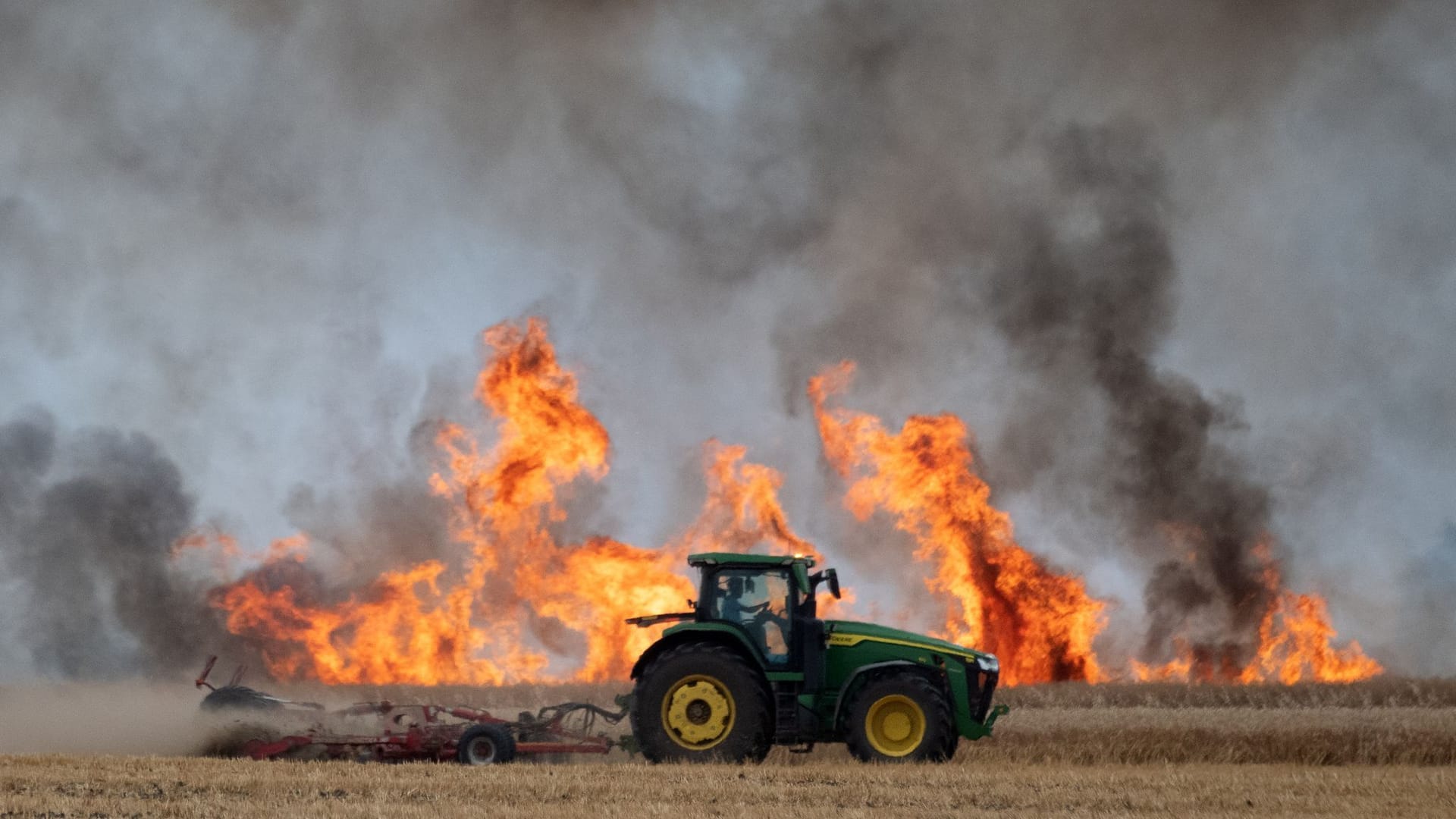 Dunkle Rauchwolken steigen bei einem Feldbrand nahe Leipzig auf: Die Landwirte versuchen alles, um die Flammen einzudämmen.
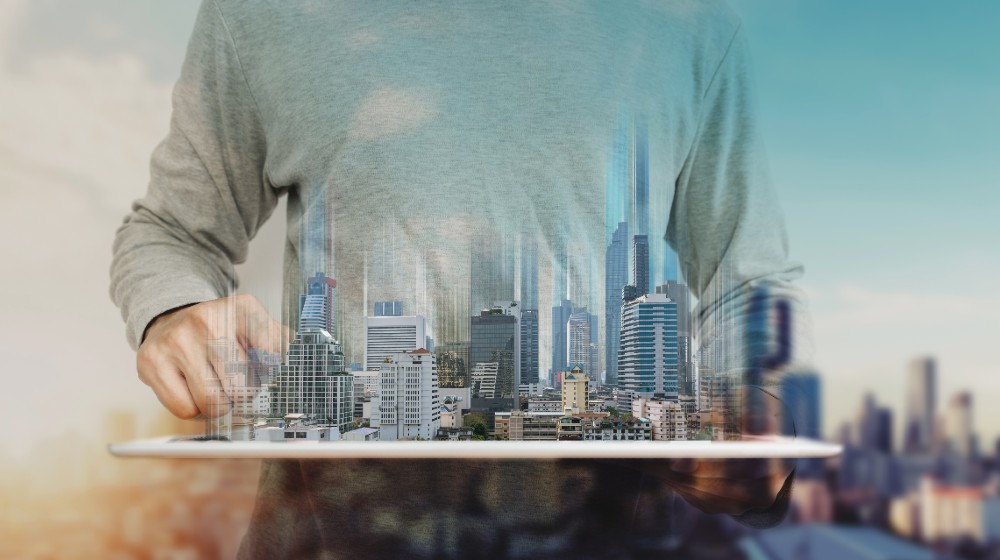a man using digital tablet, and modern buildings hologram | Two Reasons Why Property Technology Is Suddenly Super Hot | featured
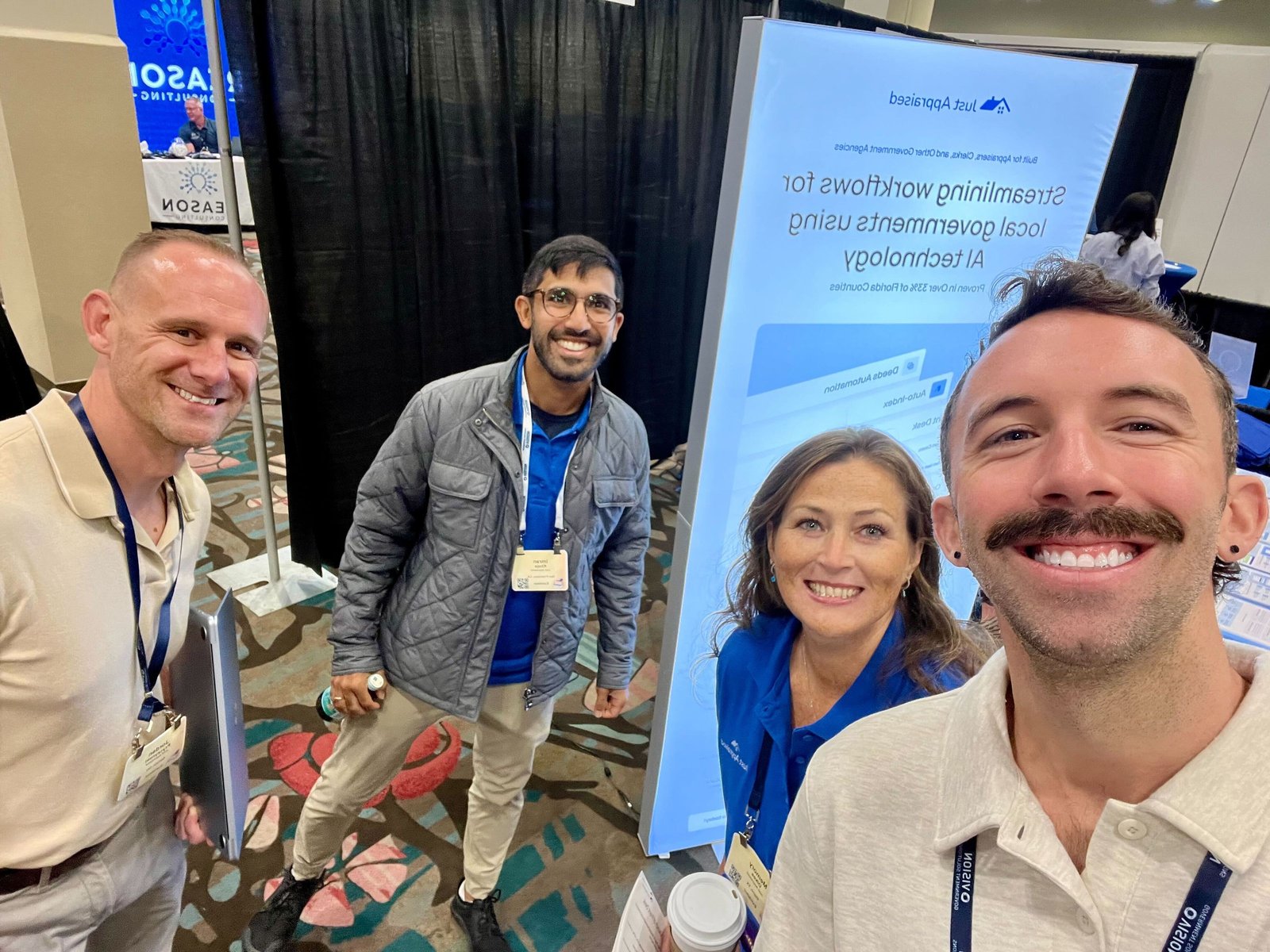 Alltus teammates at a conference booth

### Your assignment:
Once the pictures are removed, print all the remaining data exactly as it stands.

### Response:
 Dunkle Rauchwolken steigen bei einem Feldbrand nahe Leipzig auf: Die Landwirte versuchen alles, um die Flammen einzudämmen.
a man using digital tablet, and modern buildings hologram | Two Reasons Why Property Technology Is Suddenly Super Hot | featured
 Alltus teammates at a conference booth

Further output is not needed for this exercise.